I've got digital images of the specimen Jason Hilton brought into the NHM, but I'm obviously not able to use them without his permission. But what you basically have is an opaque "shell" section to the spiral and then a clearer, rather like amber, "body chamber" final half whorl. Inside this is a dark inclusion, with no particular shape, obviously different to the matrix filling the living chamber, but not octopus or squid like in any way. There was a picture of it in the New Scientist magazine some years ago. Under UV light the shape of the thing is a bit more obvious, pointy at the back end, and spreading out into threads at the front.

It could be the body, shrunk away from the inside of the shell after partial decay but for some reason this decay was arrested and the fossil formed around it. Perhaps it is the whole animal, or maybe just the residue of the tougher parts like the muscles, it isn't obvious to me. But I don't know enough about this fossil or fossilization in general to be an authority either way as to what this fossil shows us. It's sad though that pictures of the thing haven't been distributed more widely.

I don't really buy into the notion ammonites routinely used their shells as egg cases. They are just too diverse for this, and some (like the heteromorph ones) are obviously adapted to some quite bizarre lifestyles way different to the regular ammonite one. Having said that I don't see a real problem to ammonites abandoning their shells, and maybe even secondarily evolving a mechanism to make the pseud-shell egg case.

Muscle scars on ammonites are well documents and reasonably well understood. Compared to nautiluses the muscle scars are relatively small. I'm pretty sure they didn't ventilate the mantle cavity in the exact same way as nautiluses, and probably didn't swim that way either. Looking at the long, narrow body chambers most have I think it more probable they used the retractor muscles primarily defensively, to withdraw into the shell like a snail. If they swam at all it was using a coleoid-like jet system. In fact in many ways I think the clue is to compare ammonites with marine gastropods -- perhaps it is not a coincidence that neogastropods diversified the same as ammonites declined. I find it much easier to visualise ammonites as benthic predators like, say, cone shells or whelks than anything else. Heteromorphs may have been different in some cases at least, probably plankton feeders in the case of things like Turrilites and Baculites.

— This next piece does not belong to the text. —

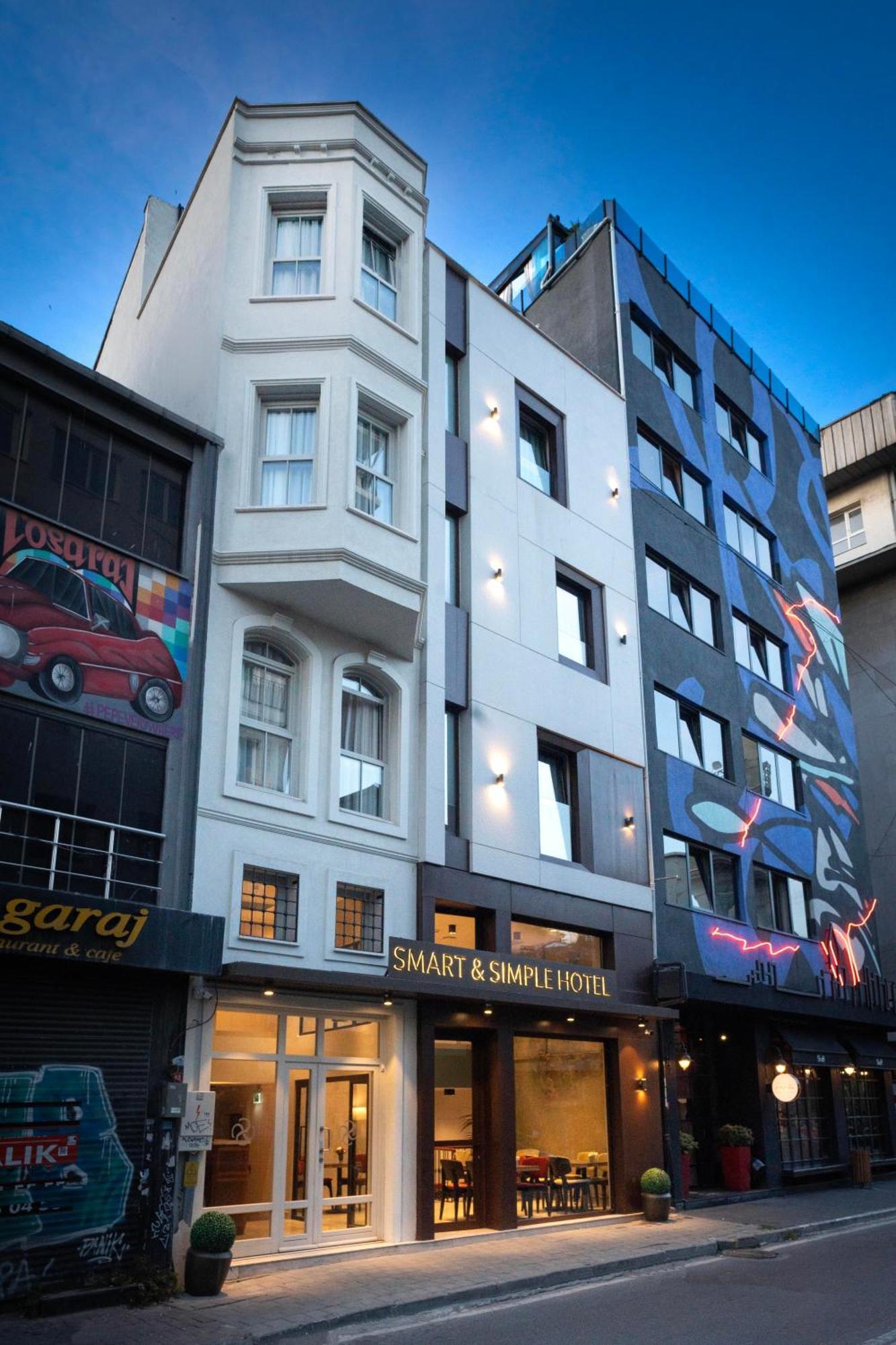 Smart And Simple Hotel Karakoy Istanbul Exterior foto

The muscle scars do at least indicate the ammonites were attached to the shell generally speaking. But there is a big difference to being loosely attached and being able to extend in and out (like a snail) and being welded in like the modern nautilus.

Cheers,

Neale
 
Neale Monks said:
If they swam at all it was using a coleoid-like jet system. In fact in many ways I think the clue is to compare ammonites with marine gastropods -- perhaps it is not a coincidence that neogastropods diversified the same as ammonites declined.

Neale,

Am I right in thinking that some of the earlier Ordovician nautiloids have a notch cut into the aperture of the shell that may have held the hypernome? I can't remember exactly where I read this, but if so, and given that the ammonoids evolved from these earlier creatures, would be safe to assume they had a similar, or derived, propulsion system? Are there equivalent notches in any of the ammonoids, I wonder?

There was some talk on this site a while ago about the possibility of some ammonoid shells being purely internal, as with Spirula. We were just kicking around a few ideas but I found this rather bizarre and interesting specimen the other day whilst searching around the internet that made me think again:

An unusual ammonite from the Yorkshire coast

This specimen appears to have suffered damage from an attack and grown back asymetrically. If the shell was external, as I'm sure was the case, I wonder how the shell could have grown back? I've always thought that the shell was 'dead' material with the only living section the siphuncle running its' length. The only way that I can imagine the shell undergoing repair is for it to have been surrounded by the mantle at the point of damage.

I suppose it would be interesting to see if the shell of Spirula has any external scarring from muscle attachments and looking to see if there is any equivalent scarring in the ammonoids. The clincher for me that shells were external is that photo of the ammonite in your book with the pigmentation surviving (Wow!), but perhaps, just possibly, this was not so in all species.

Just thinking out loud here!

Thanks again.

Phil
 
I'll take a crack at that one Phil,
Looks to me like the body chamber was broken back on one side where the ribs were close together, but the critter had almost matured and was starting to make mature modifications to it's shell (stronger and more distant ribs) so when it started to repair the damaged portion it repaired it with stronger and more distant ribs.
Of course this could only happen if the damage did'nt destroy the shell producing part of the mantle.
By the way, what is the shell producing part of the mantle? Is it the whole mantle or just the front (and rear, to form new septa)?
:ammonite:
 
Thanks Kevin. Your explanation makes perfect sense as always!

As for your question, I'm afraid I don't know.....perhaps Neale can help.